Exercise aim -> In the records below, find the line containing "May include: Two", then print it and every following line exactly, through the last, without pictures.

Supplied material ->
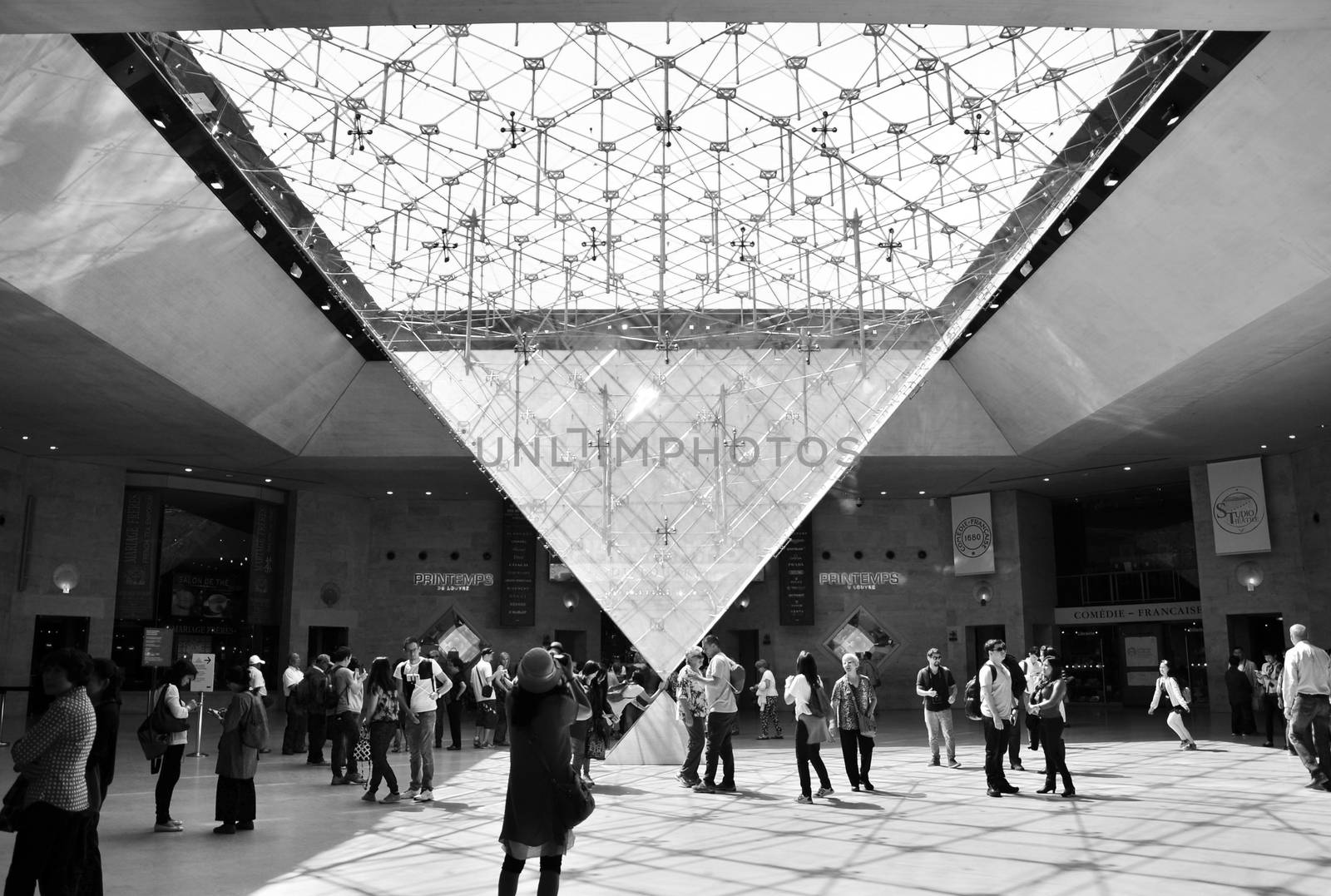Paris, France - May 13, 2015: Tourists visit Inside the Louvres  by siraanamwong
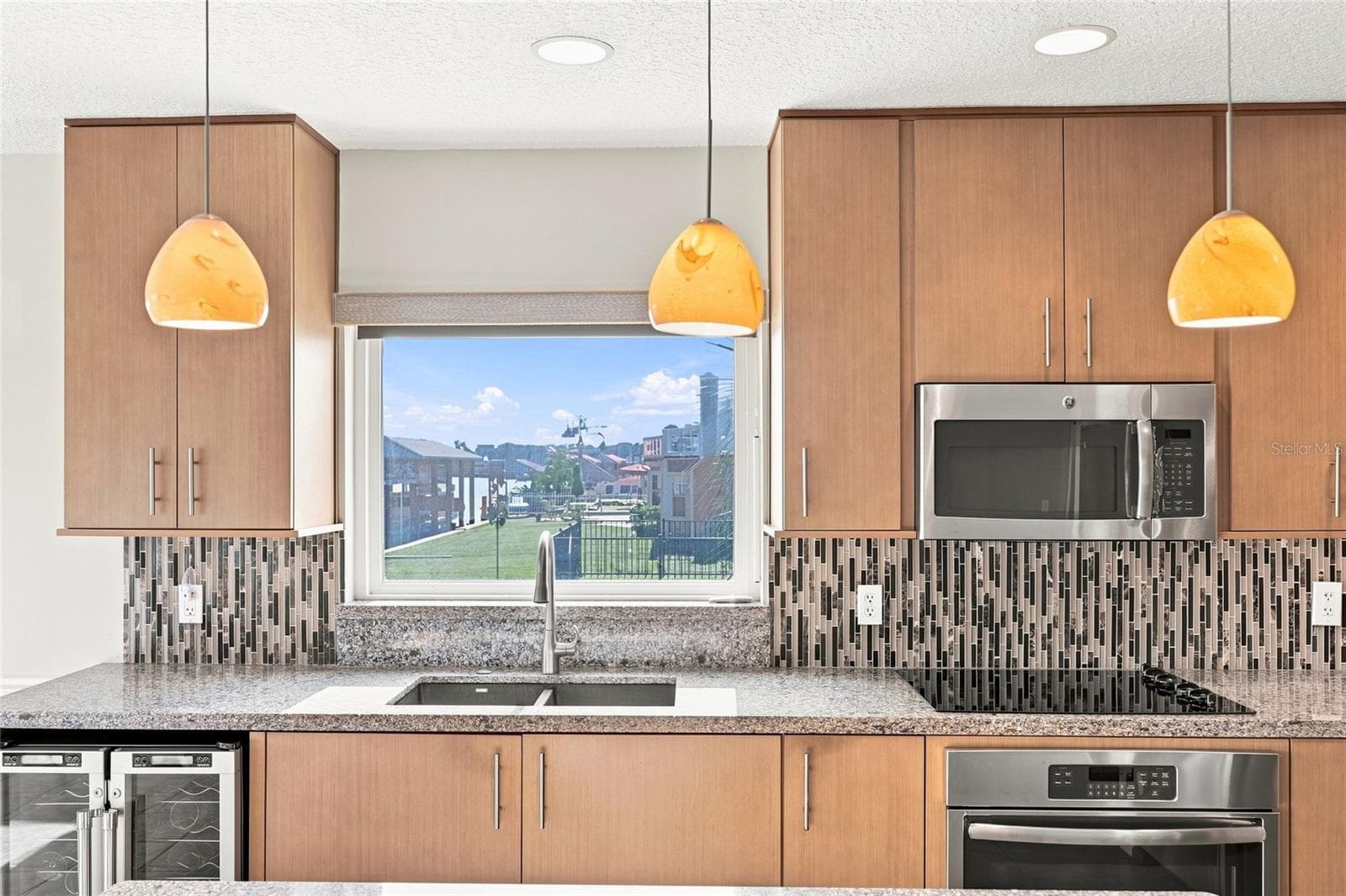 Kitchen — Close view of glass mosaic tile backsplash, granite countertops, and dual beverage refrigerators. - 342 N 12TH ST, FLAGLER BEACH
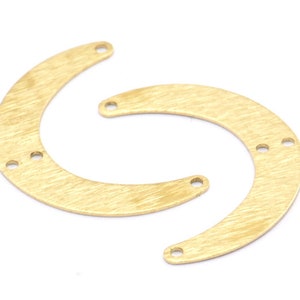 May include: Two gold-colored metal crescent shapes with holes for attaching jewelry findings. The crescent shapes have a brushed finish.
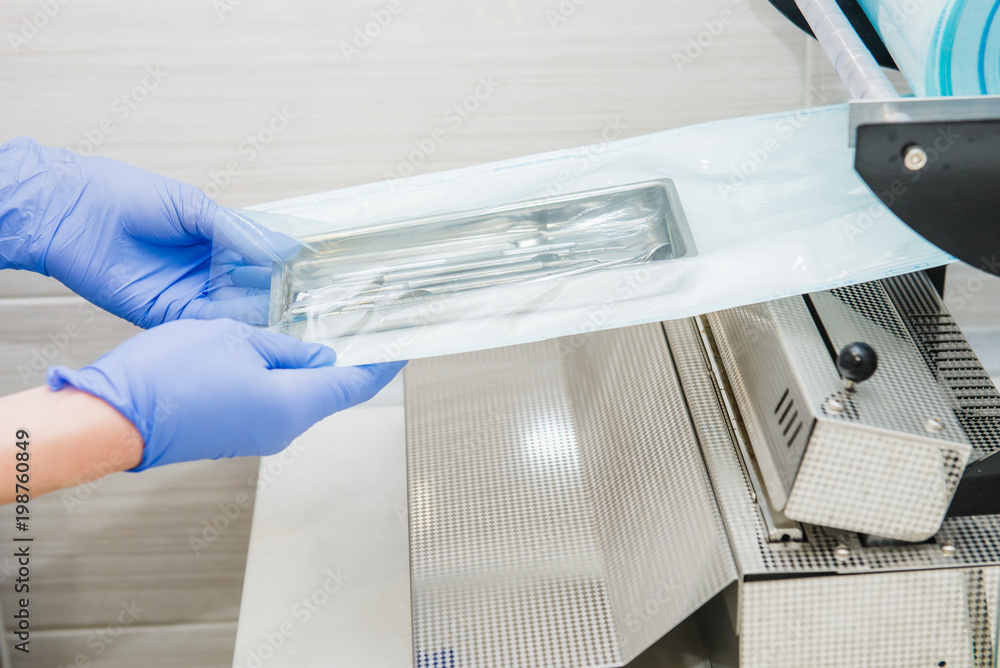 Close up dentist's assistant hands in gloves packing dental instrument set for autoclaving in a plastic bag using vacuum packing machine. Sterility and safety care concept. Selective focus. Close up dentist's assistant hands in gloves packing dental instrument set for autoclaving in a plastic bag using vacuum packing machine. Sterility and safety care concept. Selective focus.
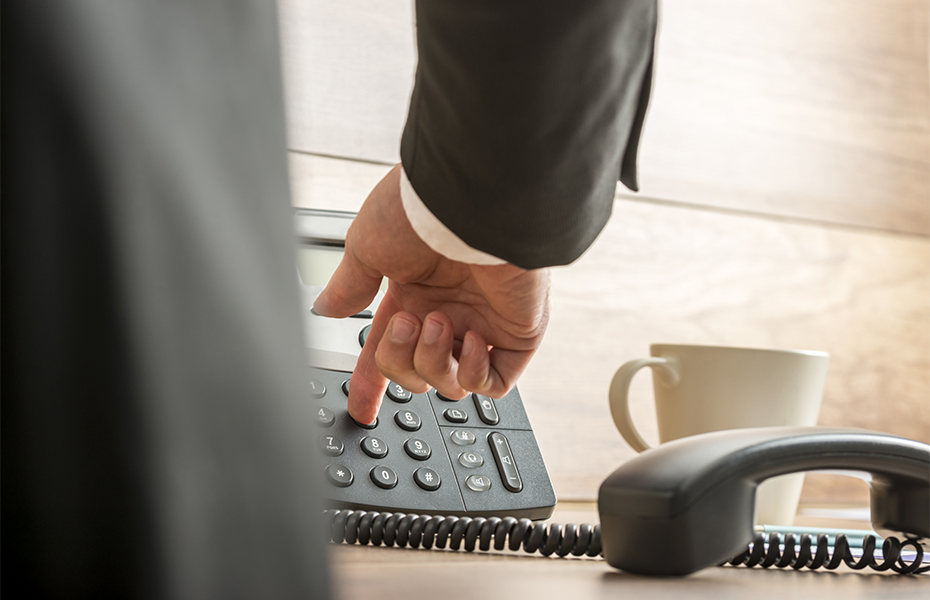 A man pushing a button on a phone.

Expected output ->
 May include: Two gold-colored metal crescent shapes with holes for attaching jewelry findings. The crescent shapes have a brushed finish.
 Close up dentist's assistant hands in gloves packing dental instrument set for autoclaving in a plastic bag using vacuum packing machine. Sterility and safety care concept. Selective focus. Close up dentist's assistant hands in gloves packing dental instrument set for autoclaving in a plastic bag using vacuum packing machine. Sterility and safety care concept. Selective focus.
 A man pushing a button on a phone.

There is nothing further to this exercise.